Continuous versus intermittent presentation of visual eco-driving advice

Publisher's full text

Automatic eco-driving advice has the potential to improve fuel economy and reduce emissions. However, providing eco-driving information to the driver will inevitably draw attention away from the driving task. The objective of this research is to investigate the effects of intermittent versus continuous visual eco-driving information on glance behaviour in an attempt to find the best approach to display eco-driving information from a traffic safety perspective.

Twenty-eight truck drivers drove on a village road, a rural road and a motorway section in an advanced moving base truck simulator. A number of situations with relevance for eco-driving, such as traffic lights, crests, changes in posted speed limits, and a motorway entrance, were investigated. The level of difficulty of the traffic situations varied. Four conditions were tested: baseline without eco-driving information, intermittent feedback, continuous feedback and self-selected feedback (personalised settings selected by the driver).

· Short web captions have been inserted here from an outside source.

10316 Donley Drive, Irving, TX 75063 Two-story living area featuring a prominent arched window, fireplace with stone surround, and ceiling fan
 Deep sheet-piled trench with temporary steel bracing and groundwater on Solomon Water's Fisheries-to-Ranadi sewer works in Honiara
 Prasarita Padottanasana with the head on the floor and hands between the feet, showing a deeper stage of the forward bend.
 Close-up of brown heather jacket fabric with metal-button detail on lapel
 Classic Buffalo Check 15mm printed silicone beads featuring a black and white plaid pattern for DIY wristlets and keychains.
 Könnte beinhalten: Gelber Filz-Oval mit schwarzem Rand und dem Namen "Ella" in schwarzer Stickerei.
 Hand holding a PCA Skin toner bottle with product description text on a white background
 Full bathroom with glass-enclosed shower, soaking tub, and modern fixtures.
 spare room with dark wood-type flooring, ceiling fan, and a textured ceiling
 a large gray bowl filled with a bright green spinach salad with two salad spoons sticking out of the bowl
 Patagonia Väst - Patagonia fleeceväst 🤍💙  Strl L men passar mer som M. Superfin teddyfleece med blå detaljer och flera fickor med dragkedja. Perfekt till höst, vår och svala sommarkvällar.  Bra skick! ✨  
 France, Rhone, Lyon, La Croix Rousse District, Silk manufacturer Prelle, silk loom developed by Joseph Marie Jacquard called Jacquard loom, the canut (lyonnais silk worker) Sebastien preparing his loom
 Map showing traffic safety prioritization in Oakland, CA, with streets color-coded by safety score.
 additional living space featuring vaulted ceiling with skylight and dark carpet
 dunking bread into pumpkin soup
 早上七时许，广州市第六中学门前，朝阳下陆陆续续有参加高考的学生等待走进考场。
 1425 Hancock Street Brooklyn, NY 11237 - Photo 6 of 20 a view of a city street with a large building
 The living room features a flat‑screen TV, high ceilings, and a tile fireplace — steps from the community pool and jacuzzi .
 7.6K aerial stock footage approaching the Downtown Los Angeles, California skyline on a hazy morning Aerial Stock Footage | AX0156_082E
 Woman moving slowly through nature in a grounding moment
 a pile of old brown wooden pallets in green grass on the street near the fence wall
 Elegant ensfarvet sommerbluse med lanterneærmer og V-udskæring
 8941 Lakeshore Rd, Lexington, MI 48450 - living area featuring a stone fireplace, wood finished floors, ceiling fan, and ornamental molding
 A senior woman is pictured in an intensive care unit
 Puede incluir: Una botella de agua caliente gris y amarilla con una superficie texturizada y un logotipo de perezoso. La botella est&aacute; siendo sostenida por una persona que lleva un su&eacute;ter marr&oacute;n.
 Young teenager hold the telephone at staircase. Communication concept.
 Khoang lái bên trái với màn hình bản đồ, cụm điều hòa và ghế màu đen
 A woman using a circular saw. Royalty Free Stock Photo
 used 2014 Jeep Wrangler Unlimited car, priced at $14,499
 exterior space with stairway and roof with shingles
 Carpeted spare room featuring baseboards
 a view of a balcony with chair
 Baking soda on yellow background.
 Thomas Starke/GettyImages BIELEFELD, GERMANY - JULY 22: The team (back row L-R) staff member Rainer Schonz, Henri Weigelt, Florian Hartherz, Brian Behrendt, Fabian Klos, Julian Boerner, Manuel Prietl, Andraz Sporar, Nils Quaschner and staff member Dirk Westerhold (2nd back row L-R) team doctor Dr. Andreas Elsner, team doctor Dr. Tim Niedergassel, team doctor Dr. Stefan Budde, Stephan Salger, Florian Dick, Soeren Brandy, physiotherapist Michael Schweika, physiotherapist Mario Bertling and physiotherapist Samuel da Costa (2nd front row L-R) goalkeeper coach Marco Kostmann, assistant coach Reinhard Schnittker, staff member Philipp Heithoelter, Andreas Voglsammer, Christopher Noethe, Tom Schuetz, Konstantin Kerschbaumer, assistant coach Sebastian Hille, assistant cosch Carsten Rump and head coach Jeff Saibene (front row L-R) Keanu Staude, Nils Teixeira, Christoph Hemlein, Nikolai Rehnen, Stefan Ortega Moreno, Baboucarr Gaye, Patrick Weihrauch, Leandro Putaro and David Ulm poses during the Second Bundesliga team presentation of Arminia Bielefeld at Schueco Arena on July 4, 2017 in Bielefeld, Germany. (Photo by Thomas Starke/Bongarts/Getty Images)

As expected, the drivers looked at the eco-driving system when it was active, and more so when the traffic situation was less demanding. Importantly, drivers waited longer with their first glance at the display when the traffic situation was more complex. In conclusion, intermittent information is recommended over continuous information as it leads to shorter dwell times, and as it is easier for the system designer to control when the periods of increased glance frequency occur, by presenting the information in strategically advantageous locations that are not demanding for the driver.